Assignment:
Task: You work as a consultant for a firm that specializes in workplace health. You have recently been put on a team that has been hired by a company with 80 employees, half men and half women that are considering instituting an employee wellness program as they have specific concerns over obesity and cholesterol levels among their employees. They have provided you with employee health data.
1. The data from your sample of 80 employees can be found on the tab labeled "Health Exam Results Data." The fasting total cholesterol measurement (mg/dL) is recorded as "cholesterol". Levels below 200 mg/DL are considered normal, levels between 200 and 240 (inclusive) are considered above normal/moderate risk, and levels above 240 are considered high risk. In addition to this variable, there are four more variables in this data set: "sex" which can have a value of either "female" or "male"; "age (years)"; "height (inches)"; and "weight (lbs)". The first step to this analysis is to generate some descriptive measures.
For each of the following points, create the chart and/or graph that best displays the data:
a) Show the breakdown of your sample by gender
b) Show the distribution of cholesterol across all participants.
c) Show the distribution of weight across all participants
Additionally, you want to generate some tables of summary statistics.
d) Create one table that calculates summary measures of cholesterol and weight across all 80 participants.
e) Create a second table that calculates summary measures of cholesterol and weight broken out by gender.
Based on the graphs and tables created in parts a-e:
f) What preliminary conclusions can you draw regarding the differences in cholesterol between male and female employees of this company?
2. A healthy cholesterol level is <200. The company wants no more than 25% of its employees to have cholesterol levels that exceed 200.
a. Construct a 95% confidence interval for the proportion of employees who have cholesterol levels higher than 200.
b. Interpret your findings with respect to the company's 25% target.

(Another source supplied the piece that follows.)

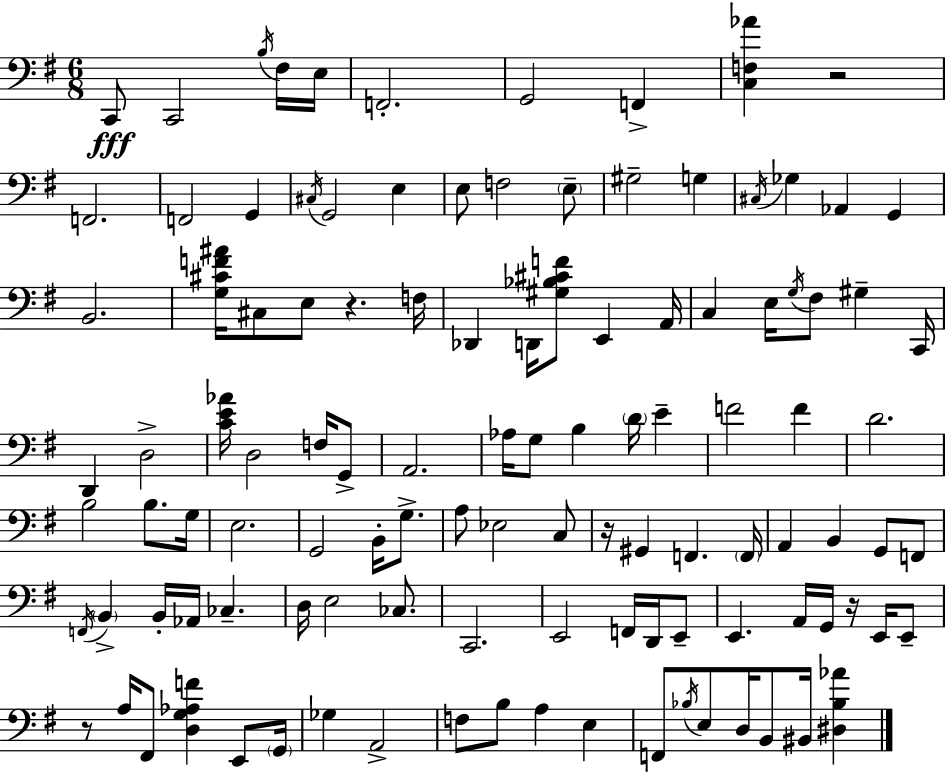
C2/e C2/h B3/s F#3/s E3/s F2/h. G2/h F2/q [C3,F3,Ab4]/q R/h F2/h. F2/h G2/q C#3/s G2/h E3/q E3/e F3/h E3/e G#3/h G3/q C#3/s Gb3/q Ab2/q G2/q B2/h. [G3,C#4,F4,A#4]/s C#3/e E3/e R/q. F3/s Db2/q D2/s [G#3,Bb3,C#4,F4]/e E2/q A2/s C3/q E3/s G3/s F#3/e G#3/q C2/s D2/q D3/h [C4,E4,Ab4]/s D3/h F3/s G2/e A2/h. Ab3/s G3/e B3/q D4/s E4/q F4/h F4/q D4/h. B3/h B3/e. G3/s E3/h. G2/h B2/s G3/e. A3/e Eb3/h C3/e R/s G#2/q F2/q. F2/s A2/q B2/q G2/e F2/e F2/s B2/q B2/s Ab2/s CES3/q. D3/s E3/h CES3/e. C2/h. E2/h F2/s D2/s E2/e E2/q. A2/s G2/s R/s E2/s E2/e R/e A3/s F#2/e [D3,G3,Ab3,F4]/q E2/e G2/s Gb3/q A2/h F3/e B3/e A3/q E3/q F2/e Bb3/s E3/e D3/s B2/e BIS2/s [D#3,Bb3,Ab4]/q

3. One manager has conjectured that the men have bad dietary habits and probably have high cholesterol readings, which should be the focus of the wellness program. We would like to test the hypothesis that male cholesterol readings are different from female cholesterol readings.
a) Conduct an ANOVA to evaluate whether or not there is a significant difference in cholesterol readings between males and female.
b) Summarize and interpret the results of your test.
4.One manager suggests that the company may be able to check on the progress of the wellness campaign by observing changes in the body mass index instead of redoing the more costly cholesterol reading. The body-mass index is defined as the ratio of the weight to the square of the height, multiplied by 703 if the height is measured in inches and the weight is measure in pounds. BMI = 703*Weight/(Height^2). There is also some discussion that changes in the BMI may be more effective in reducing male cholesterol readings than female cholesterol readings.
a) Create the BMI variable and a dummy variable for sex, called Male, which is zero for females and 1 for males.
b) Estimate a multiple regression model that includes the sex dummy, BMI and an interaction variable between BMI and sex, as independent variables.
c) Calculate predicted values for cholesterol readings for both men and women at BMI values of 25 and 30.
d) Summarize and interpret the results of this model. Is BMI relevant for the program? What do you tell the management team about the relative importance of the BMI for men and women?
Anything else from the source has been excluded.